Dash cams can be powered via a charging cable plugged into the cigarette lighter socket and are only then powered when the key is in the ignition and the car is on – meaning the battery is being charged whilst powering the dash cam. However, older cars using this method don’t have a cut out function and this can mean that the dash cam is permanently charging and will drain the battery.
Hardwiring the dash cam into the switchboard of the car is the most common way to power it up.
With a dual wire kit, one wire for power and one for ground, they are usually plugged into a fuse which will charge when the car is switched on. This method won’t drain your car battery as it switches the dash cam off when the engine is off.
Another method to hardwire your dash cam is to use a kit with three wires, one for constant power, one for car battery power and the third for ground. This method could drain your battery as it is powering the camera continuously when the car is parked and switched off. However, our cameras have a choice of parking modes which help to save battery power.
Motion and impact detection, as well as radar motion detection, means that the camera will only use power to record if there is movement to set it in motion. Time lapse is another parking feature as it shoots a still shot every few seconds rather than continuous recording.
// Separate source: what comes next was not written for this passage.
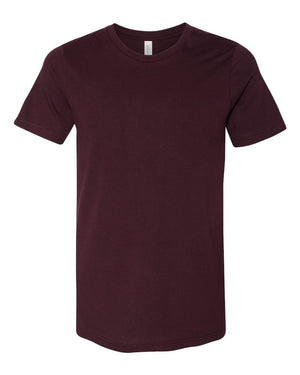 Bella + Canvas® 3001 Unisex Jersey T-Shirt - Sample - 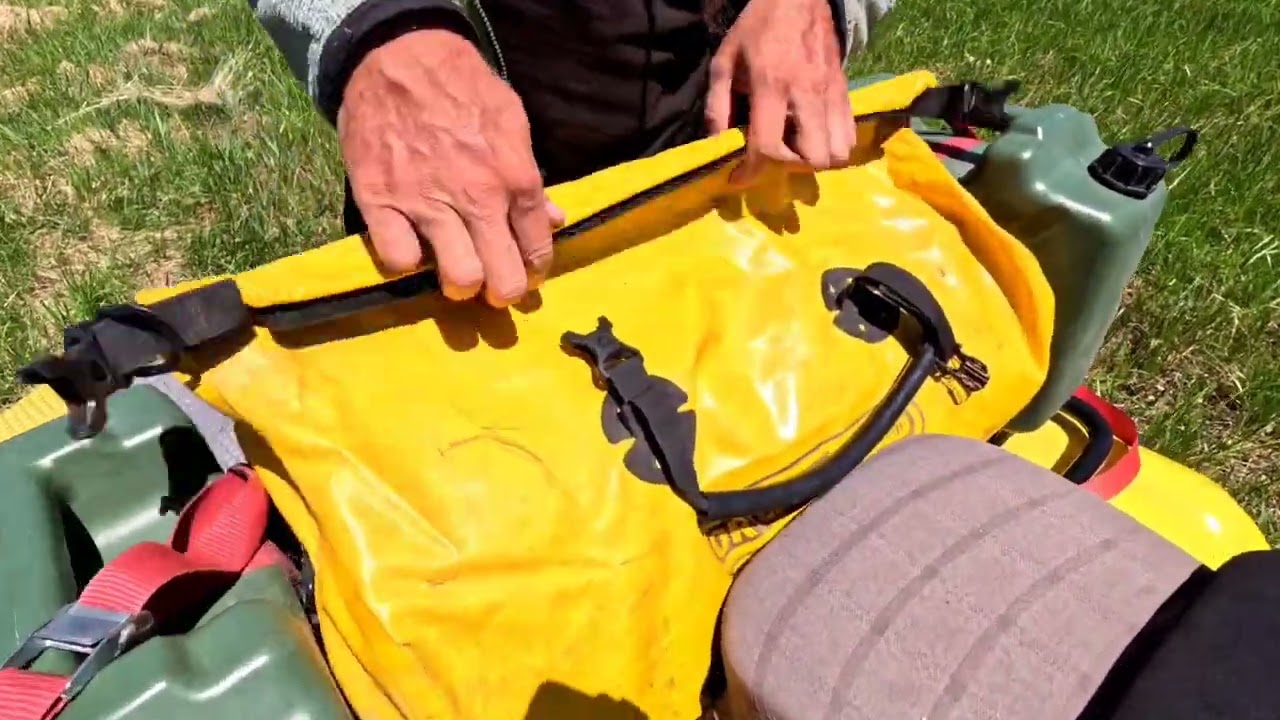 Ako sa pobaliť na cestu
Time lapse function can switch to normal recording if motion or impact is detected.
Buffered parking mode is another feature where the dash cam can record without writing to the SSD memory card but records continuously, saving the images to the internal memory as cache, all of which saves the battery of the car.
The dash cam can also detect when the battery power of the car is getting low and switch itself off to save the car battery in order to make certain the car can be turned on in the morning.
The main reason you shouldn’t be worried about your battery dying is the simple reason that they don’t use a lot of power. A standard dash cam only needs about half the power of a standard light bulb to operate normally.
So, the answer to the question – does hardwiring a dash cam drain your car battery is yes and no. At Viofo our cutting-edge dash cams are designed to ensure that your battery doesn’t get severely drained.
When you turn on your engine, any power that has drained will be replaced, and as our dash cams are using the newest of technology, any power that they use while parked is minimal, ensuring the long life of your car battery.